Los hombres que estuvieron con mis abuelas. Mis abuelos.
No lo tengo tan lejos.
Ellos tenían el papel principal.
Ellas parían. Trabajaban sin pausa día a día. Su opinión no contaba, o contaba poco.
Ellos lo daban por hecho.
Ellas lo asumían.
Reivindiqué un mismo trato.
Un hermano marcaba la diferencia de valor y trato.
Muchas veces refunfuñé y peleé.
Las mujeres de la generación de mi madre, y ella, en mi entorno parecía estaban bien.
Imagino que no planteaban o callaban.
Las mujeres de mi generación de mi familia y amistades, tampoco se enfrentaban.

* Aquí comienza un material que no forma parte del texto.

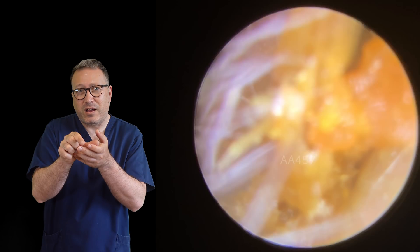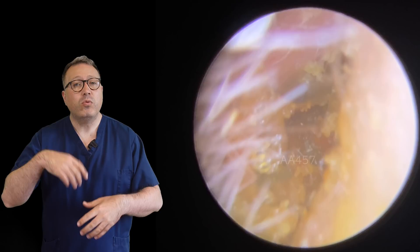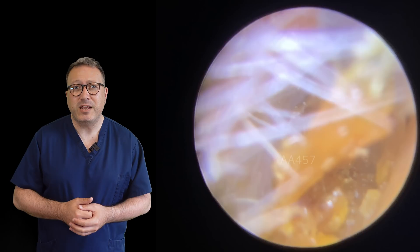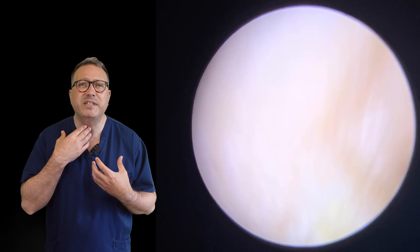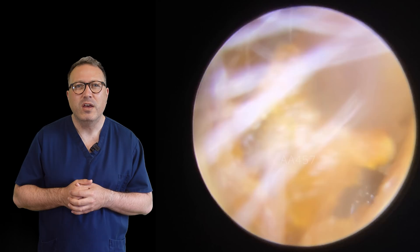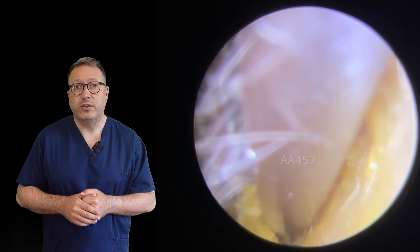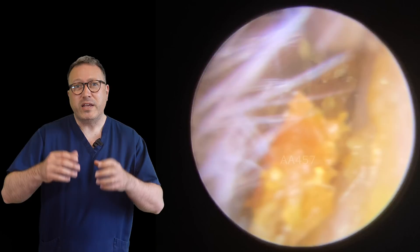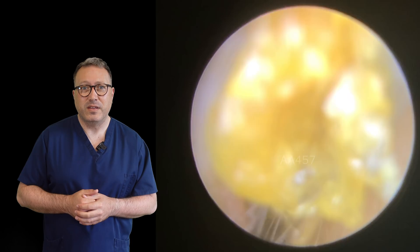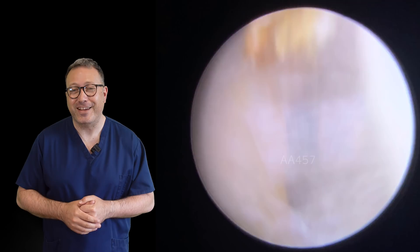Slowly starting to pull this away, going back in with the forceps again, drawing this down the canal. We're always checking in with our patient at this point as well, making sure they're okay and not uncomfortable. The patient did start to experience a little bit of what we call the Arnold's reflex, which is where you get a little bit of a tickle at the back of your throat, just because we were working and pulling the skin away from the canal walls. You can see as we lift how far back that strip of skin goes. We've clamped onto that piece of skin and we're drawing it down. So you can see we're constantly taking away these little tiny pieces all the time — it does collect together to be quite a big amount at the end.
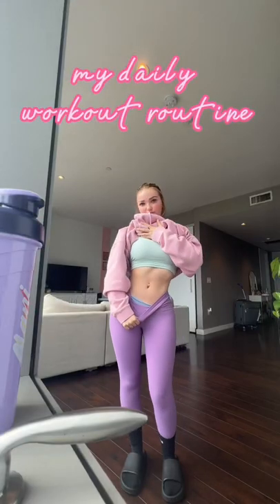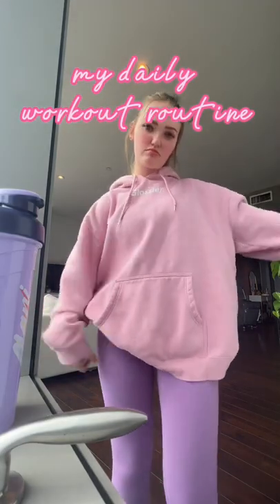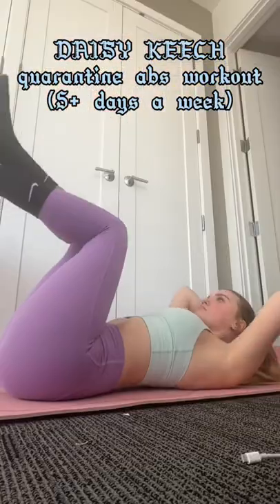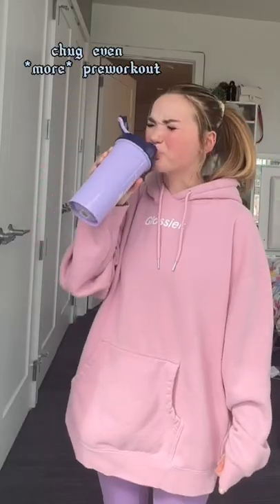Here's my workout routine because literally everyone keeps asking me. The first workout I do is the Daisy Keach quarantine abs workout about five days a week. This is me contemplating how much ad revenue I've probably made Daisy Keach. Then I chug some more pre-workout and I spray perfume on before I go to the gym.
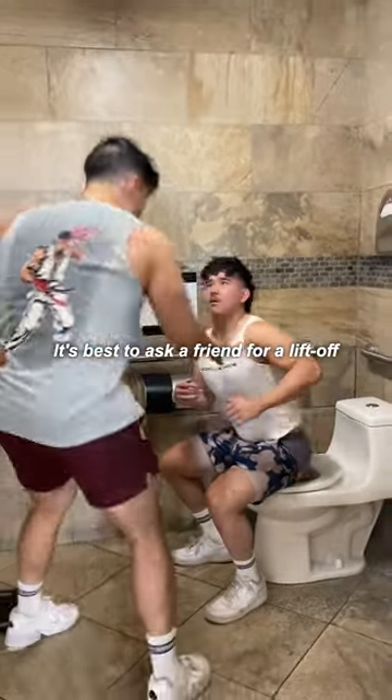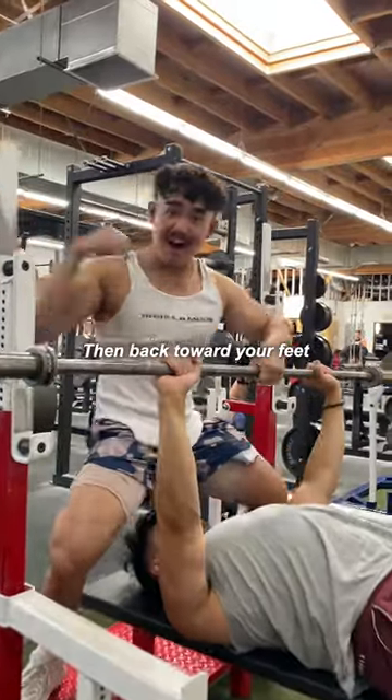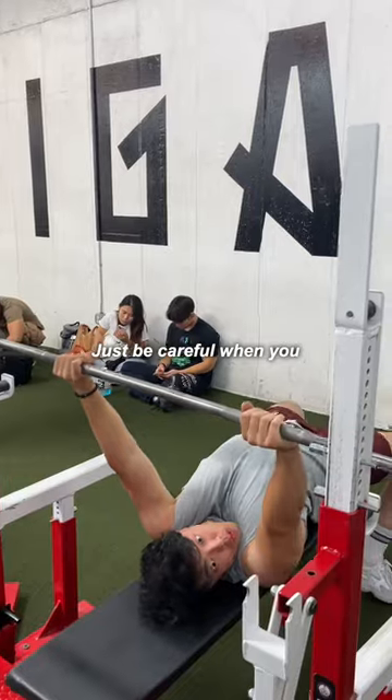When you unrack, it's best to ask a friend for a lift off, or you can also push it up then back towards your feet. Just be careful when you re-rack the weights.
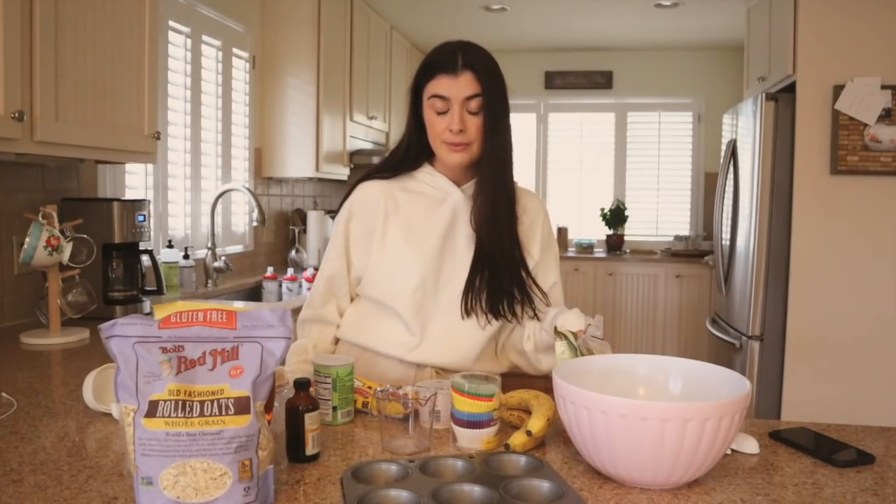I know I'm going to get a lot of questions about this cozy sweatshirt and little jogger situation I'm rocking right now — both pieces are from Express. If you stay tuned in the video, you can see all of my new cozy outfits from Express. This video is sponsored by Express. I'm going to make some muffins and let's just get on into it.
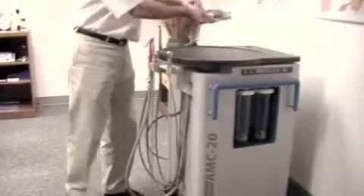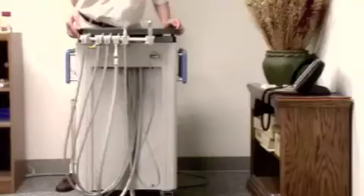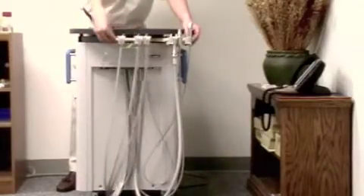Set the wet-dry foot control in the desired position. The instrument holder arms are fully adjustable according to user preference.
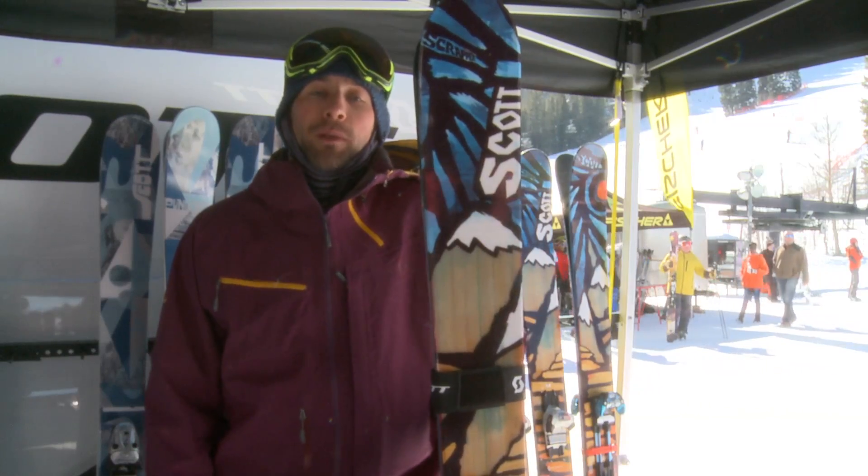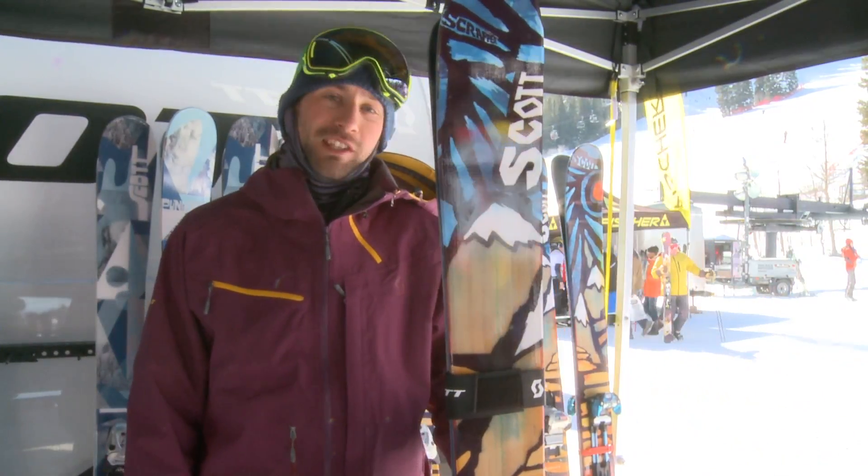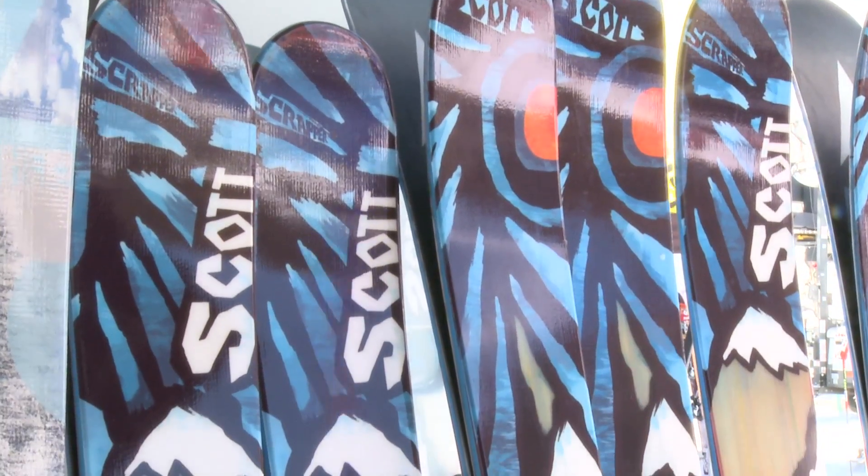What's up? I'm Topher Plimpton with Scott Sports. Here with me is our new Scrapper Ski. It's the biggest ski in our line — 124 underfoot in the 190 length.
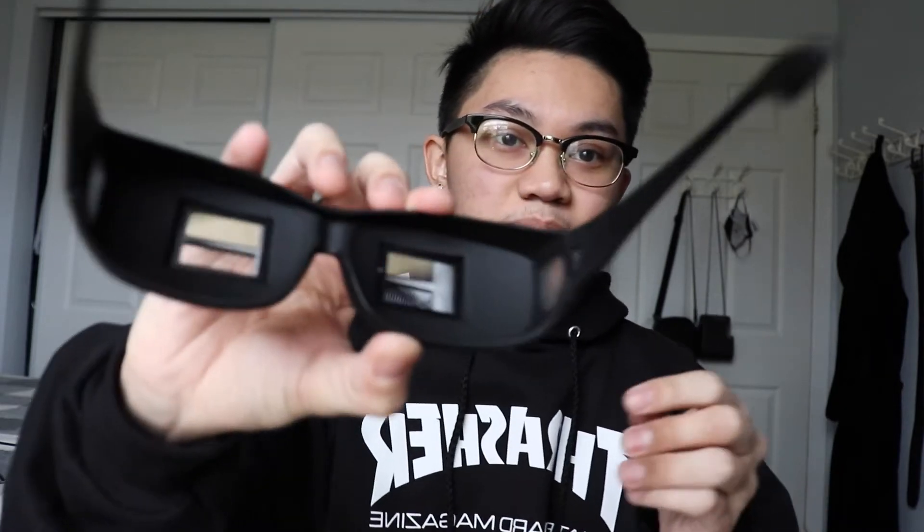So basically what this is showing is everything from the bottom. Let's see if I can show you guys. I'm gonna put them on for you — do you see it? You can see my pants, you can see the camera. This is my setup currently. Not gonna lie, these are cool.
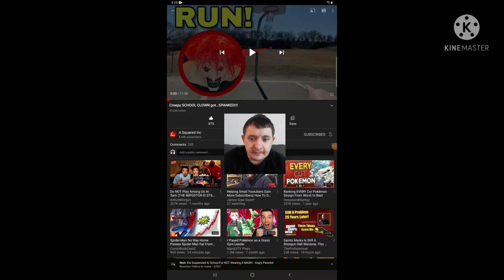Hello everyone, it's Trevor again. I'm doing another react show again, and this time it's been a while since I reacted to Cameron Marshall Spiders' channel, their channel called A Squared Ink. And today I'm reacting to their video, which is an old video that I have not reacted to yet. The video is called 'Freebie School Clown Got Spanked' — what the frig? So yeah, I'm reacting to it.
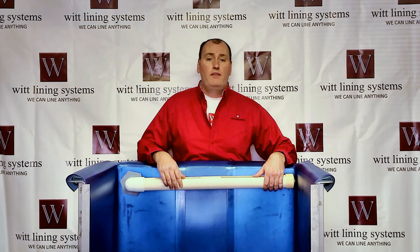For more information on our PVC liners, please visit our website at witliners.com. Once again, I'm Andrew Hotchkies — thank you for watching this video.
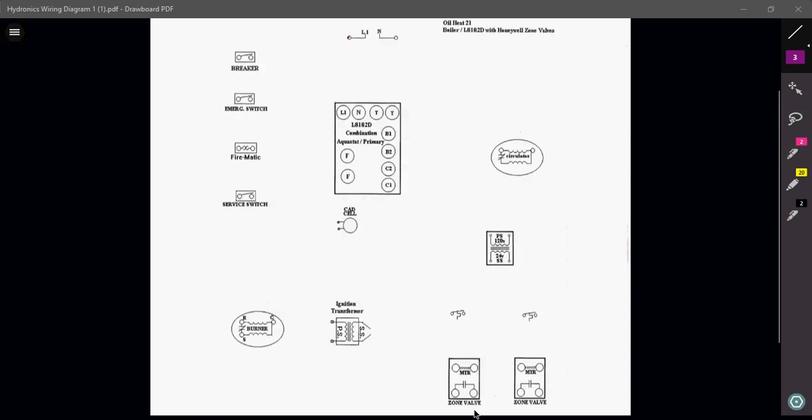This is a pretty simplified diagram of an oil-fired boiler using an L8182D aquastat. To wire this, we always have to remember we need a power source and a way of controlling our devices. We have L1 and neutral — this is a 120-volt circuit — so we're going to take our power and bring it up to our breaker.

Fui cortando con aquello que se suponía debía.
Muchas veces en silencio, porque el rechazo hiere.
Marchar alejándome de su mirada me permitió una libertad nueva, pero me privó del calor de esa proximidad emocional que se tiene cuando conservas viejas amistades.
Me fui alejando.
No me adaptaba allí, en el mundo en que estaba antes.
Me alejé.
No confié en su aceptación.
La vida nos cambió, pero nunca sentí acomodo en ese entorno.
Me limité al retorno vacacional familiar.
Dejé los encuentros, o me dejaron. Fue algo paulatino.
Muchas rupturas por mi parte.
Rechazaba quedarme. Me incomodaba. Me sentía fuera de lugar. Anhelaba el retorno al lugar elegido.
Desapego.
Sin raíces.
Una idealización de aquello que fue.
Dado que la vivienda ya no está a mi disposición, porque se vendió, ir es un paso que no quiero dar.
No quiero volver.
Eso me coloca fuera de lugar.
Muchas veces me inquieta y me siento en el exilio.